2. The method for generating a virtual sample according to claim 1, wherein the acquiring virtual user information includes:

acquiring preset Gaussian noise, and acquiring a plurality of target vectors with preset dimensions from the Gaussian noise;

and inputting the target vector into a user generation model to simulate user information, and acquiring the virtual user information corresponding to the target vector.
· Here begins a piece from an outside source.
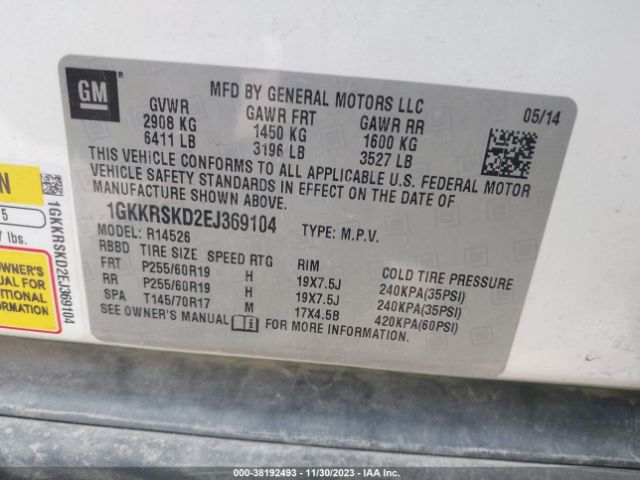 1GKKRSKD2EJ369104 GMC Acadia Slt-2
3. The method for generating virtual samples according to claim 1 or 2, wherein the inputting the virtual user information into the first machine learning model to obtain the search behavior information of the virtual user comprises:

extracting first characteristic information of the virtual user information through the first machine learning model, and acquiring a corresponding article recommendation list according to the first characteristic information, wherein the article recommendation list comprises article information;

and combining the item information on the item recommendation list with the virtual user information to generate the search behavior information of the virtual user.

4. The method for generating virtual samples according to claim 1 or 2, wherein the inputting the search behavior information into a second machine learning model to obtain the selection behavior information of the virtual user comprises:

extracting second characteristic information of the search behavior information through the second machine learning model, and classifying the second characteristic information through a preset classifier to obtain a probability value of each selection made by the virtual user to an article;

and determining the selection behavior information of the virtual user according to the probability values.
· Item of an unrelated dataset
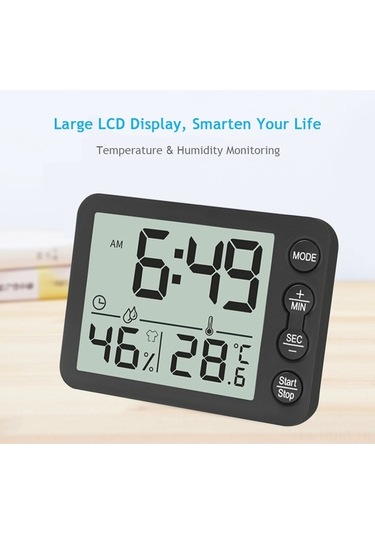 Fastbuy Ev Ve Ofis İçin Dijital Sıcaklık-nem Monitörü, Büyük Ekranlı Alarm Saat, Geri Sayım, Lcd Görüntüleme, Pil Dahil Değil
5. A method for generating a virtual interactive environment, wherein the virtual interactive environment comprises a first machine learning model and a second machine learning model, the method comprising:

6. The method for generating a virtual interactive environment according to claim 5, wherein before said obtaining the virtual user information, further comprising:

and generating a user generation model by adopting a countermeasure generation network algorithm, wherein the user generation model is used for generating the virtual user information.

7. The method for generating a virtual interactive environment according to claim 5, wherein the updating the model parameters respectively corresponding to the first preset model and the second preset model according to the comparison result between the virtual interactive trajectory and the preset real interactive trajectory includes:

identifying a comparison result between the virtual interaction track and the real interaction track through a preset identifier, and taking the comparison result as reward values of the first preset model and the second preset model;

and updating model parameters respectively corresponding to the first preset model and the second preset model according to the searching behavior information, the selecting behavior information and the reward value.

8. A method for generating an item recommendation model based on a virtual interactive environment is characterized by comprising the following steps:

9. A terminal device comprising a memory, a processor and a computer program stored in the memory and executable on the processor, wherein the processor implements the method of any one of claims 1 to 4, or 5 to 7, or 8 when executing the computer program.

10. A computer-readable storage medium, in which a computer program is stored which, when being executed by a processor, carries out the method according to any one of claims 1 to 4, or 5 to 7, or 8.